[What to do]
The line containing "Matteo Bellini Merino Mock Neck Sweater" and every line after it, through the end of the records below: repeat them exactly, nothing more.

[Given entries]

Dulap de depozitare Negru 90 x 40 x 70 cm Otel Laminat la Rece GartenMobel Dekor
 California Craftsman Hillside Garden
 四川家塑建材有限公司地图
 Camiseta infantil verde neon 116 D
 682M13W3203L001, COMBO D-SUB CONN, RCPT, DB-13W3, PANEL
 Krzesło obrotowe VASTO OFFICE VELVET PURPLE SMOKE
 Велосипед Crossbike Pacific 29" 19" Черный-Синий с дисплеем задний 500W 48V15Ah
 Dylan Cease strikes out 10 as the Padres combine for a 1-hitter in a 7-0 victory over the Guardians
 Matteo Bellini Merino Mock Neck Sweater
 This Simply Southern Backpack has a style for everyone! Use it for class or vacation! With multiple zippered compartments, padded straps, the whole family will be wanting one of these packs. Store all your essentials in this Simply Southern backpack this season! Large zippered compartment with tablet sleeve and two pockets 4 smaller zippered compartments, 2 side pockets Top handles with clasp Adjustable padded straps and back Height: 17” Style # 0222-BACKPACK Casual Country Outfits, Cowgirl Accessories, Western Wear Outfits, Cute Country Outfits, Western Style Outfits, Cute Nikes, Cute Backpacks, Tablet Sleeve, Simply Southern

[Response to the exercise]
 Matteo Bellini Merino Mock Neck Sweater
 This Simply Southern Backpack has a style for everyone! Use it for class or vacation! With multiple zippered compartments, padded straps, the whole family will be wanting one of these packs. Store all your essentials in this Simply Southern backpack this season! Large zippered compartment with tablet sleeve and two pockets 4 smaller zippered compartments, 2 side pockets Top handles with clasp Adjustable padded straps and back Height: 17” Style # 0222-BACKPACK Casual Country Outfits, Cowgirl Accessories, Western Wear Outfits, Cute Country Outfits, Western Style Outfits, Cute Nikes, Cute Backpacks, Tablet Sleeve, Simply Southern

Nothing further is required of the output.